Stavolta è proprio il caso di dirlo, non ci sono scuse: ve l’avevo detto.
Volizione, demo uscito un po’ in sordina nel 2008, dimostrava già una direzione e un modo di intendere il grindcore decisamente interessante, seppure ancora acerbo. Cantato in italiano, forti influssi black metal e una particolare attenzione sul fronte dei testi ne avevano fatto un prodotto di tutto rispetto, facendo intuire una bella dose di potenzialità ancora da esprimere e sviluppare a pieno. E effettivamente, con il tempo la crescita c’è stata, ed è stata selvaggia.

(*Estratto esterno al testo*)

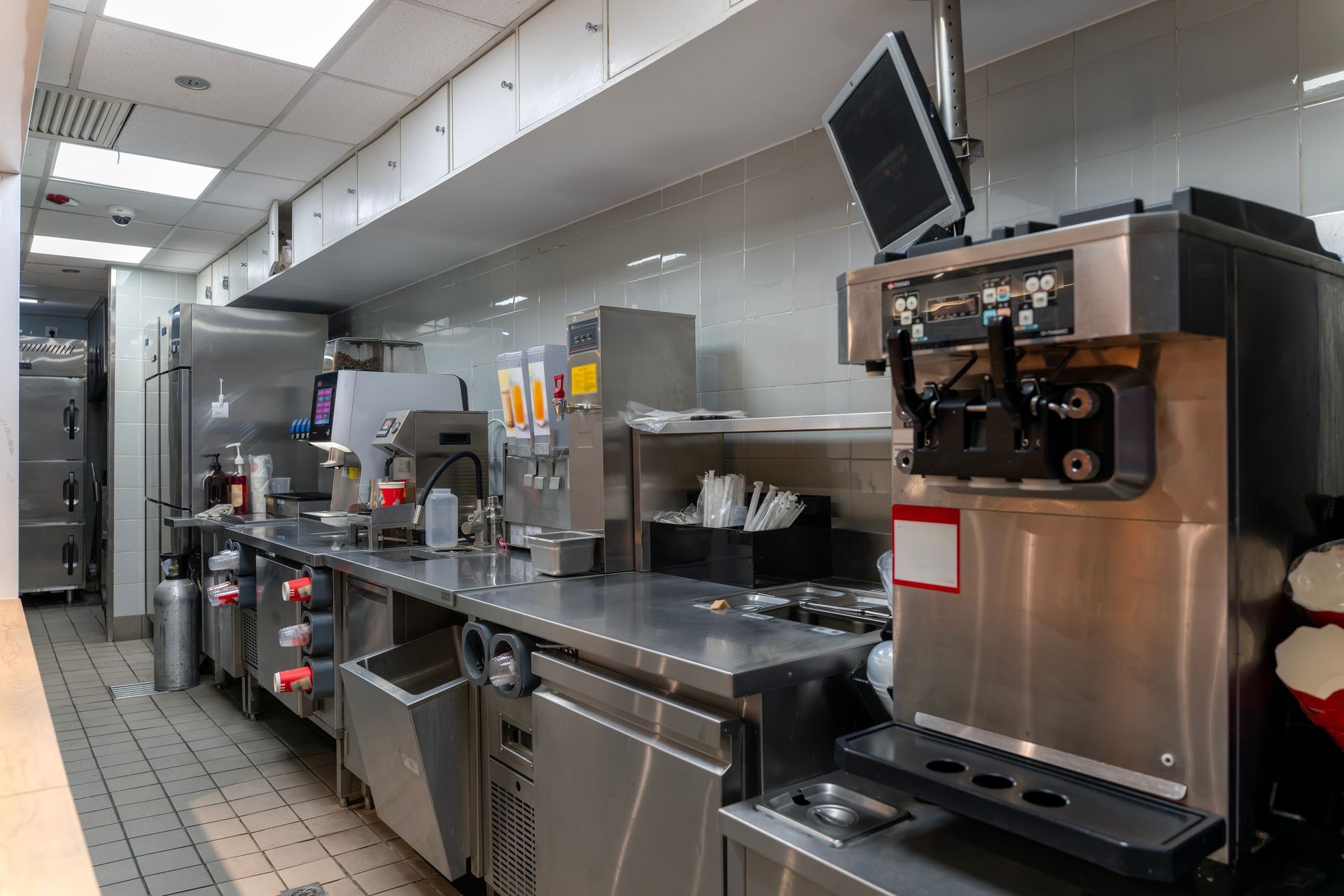 Un poste de cuisine commerciale en acier inoxydable avec une machine à glace à l'italienne, des comptoirs et divers ustensiles de préparation alimentaire.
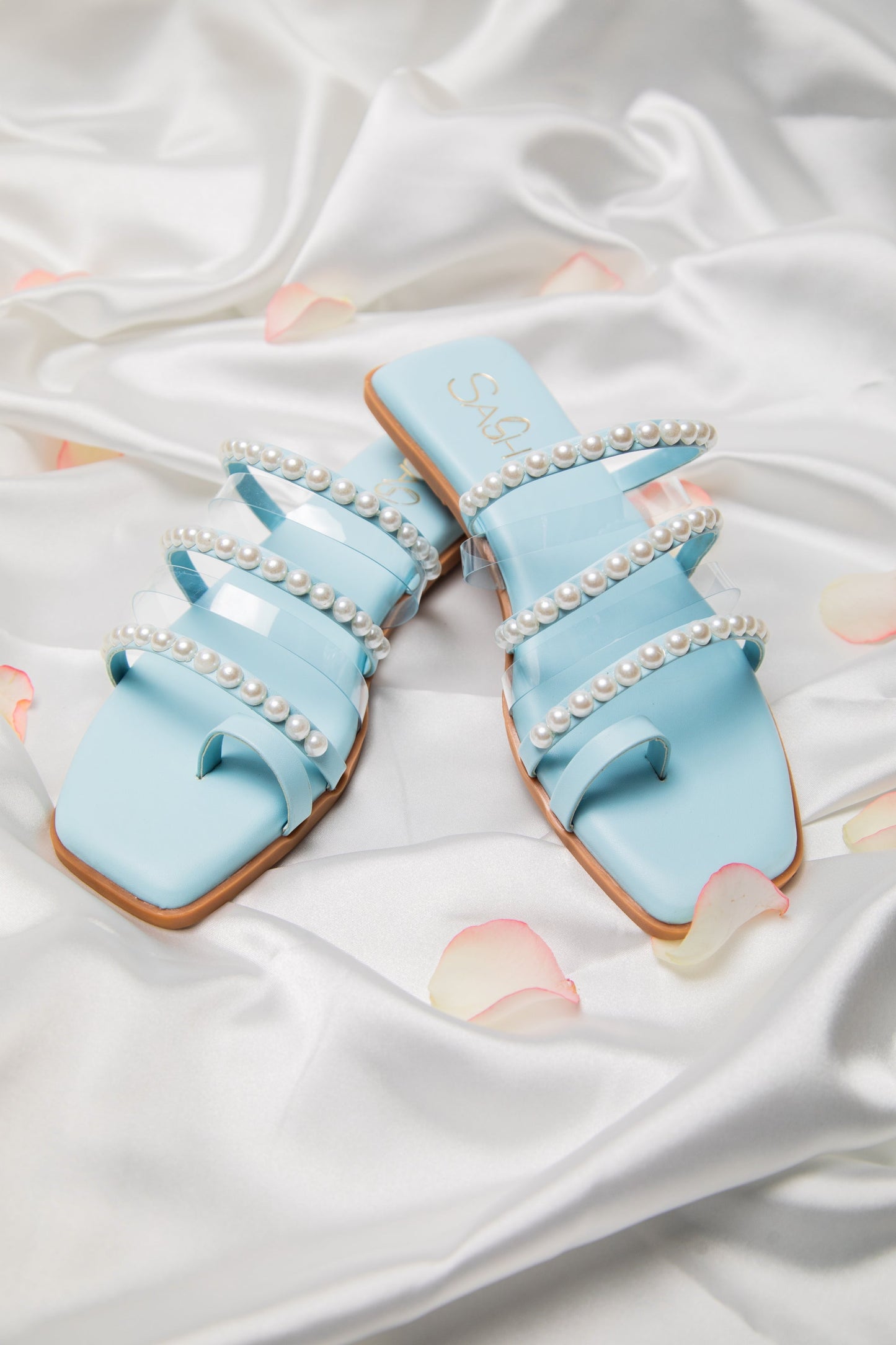 Stylera blue pearl strap sandals with multiple straps and pearl detailing on satin background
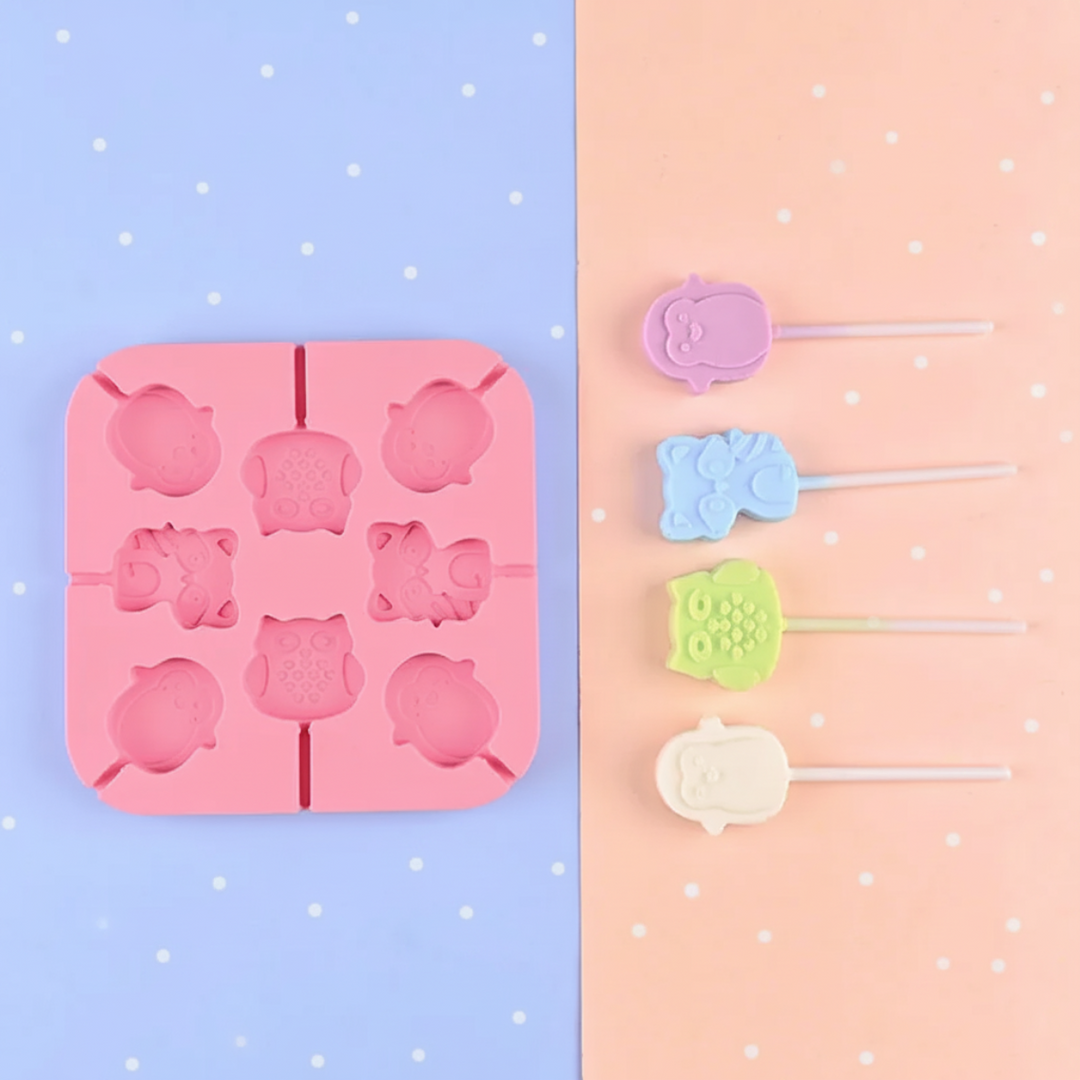 Pink lollipop mold with owl and other animal cavities beside pastel treats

E.DIN è un calderone che riprende tutto quanto fatto di buono in Volizione e lo amplifica, lo arricchisce ulteriormente di dettagli e sfaccettature e lo rende completo. Rimangono le forti influenze black metal, rimane la base di powerviolence e grindcore tradizionale e rimane l’attenzione per la parte concettuale, sempre curata da tutti e tre i membri: Dario (chitarra e voce), Puja (basso) e Magris (batteria). Quello che cambia è la sensazione complessiva data dall’ascolto del disco: E.DIN è chiaramente un album maturo, si scrolla di dosso l’aria da demo scritto e registrato in fretta e si propone come prodotto studiato e ragionato fino in fondo.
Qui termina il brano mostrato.